COLLECTED DATA:
◆ ◆ ◆ ◆ ◆ ◆ ◆

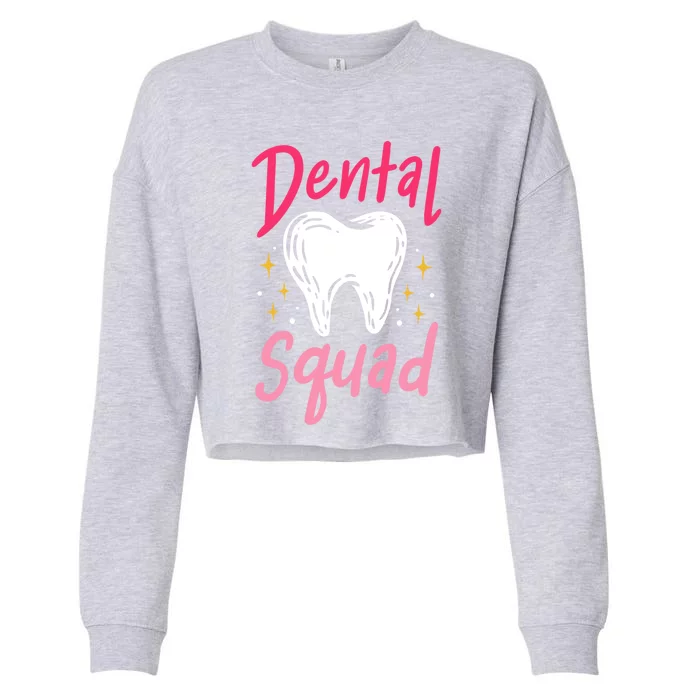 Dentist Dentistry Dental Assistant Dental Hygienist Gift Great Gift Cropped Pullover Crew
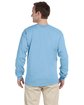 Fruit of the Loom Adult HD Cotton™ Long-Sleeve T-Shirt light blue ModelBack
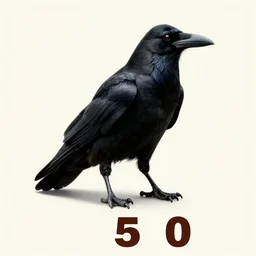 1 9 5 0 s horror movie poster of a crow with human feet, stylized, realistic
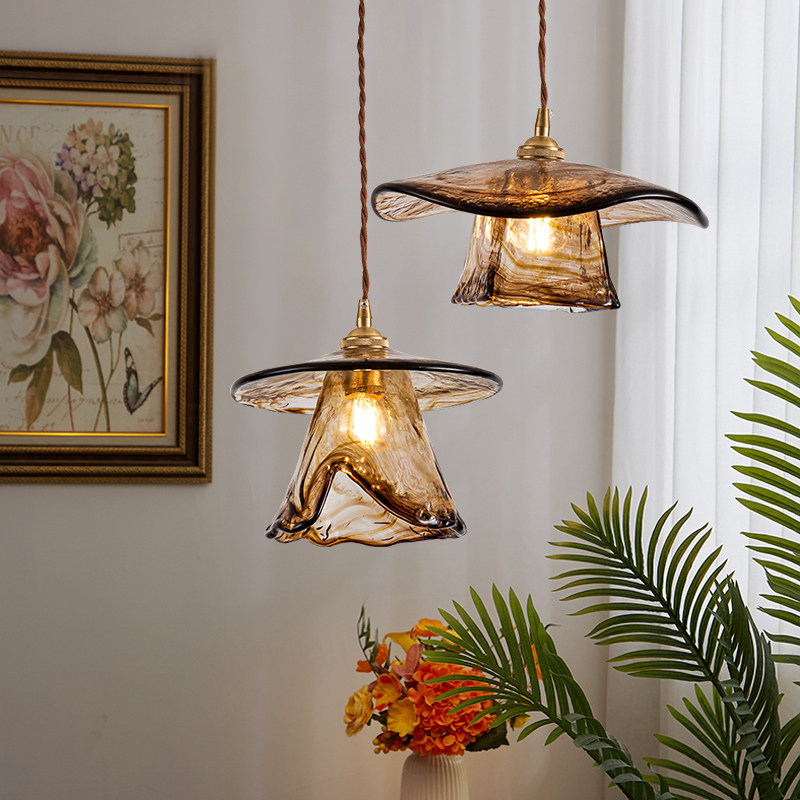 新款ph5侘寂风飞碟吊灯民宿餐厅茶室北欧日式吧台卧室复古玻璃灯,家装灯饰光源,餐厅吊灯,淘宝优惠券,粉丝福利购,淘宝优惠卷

◆ ◆ ◆ ◆ ◆ ◆ ◆

EXERCISE REQUIREMENTS: Repeat the listing word for word, and skip every picture it contains.

SOLVED PROBLEM:
 Dentist Dentistry Dental Assistant Dental Hygienist Gift Great Gift Cropped Pullover Crew
 Fruit of the Loom Adult HD Cotton™ Long-Sleeve T-Shirt light blue ModelBack
 1 9 5 0 s horror movie poster of a crow with human feet, stylized, realistic
 新款ph5侘寂风飞碟吊灯民宿餐厅茶室北欧日式吧台卧室复古玻璃灯,家装灯饰光源,餐厅吊灯,淘宝优惠券,粉丝福利购,淘宝优惠卷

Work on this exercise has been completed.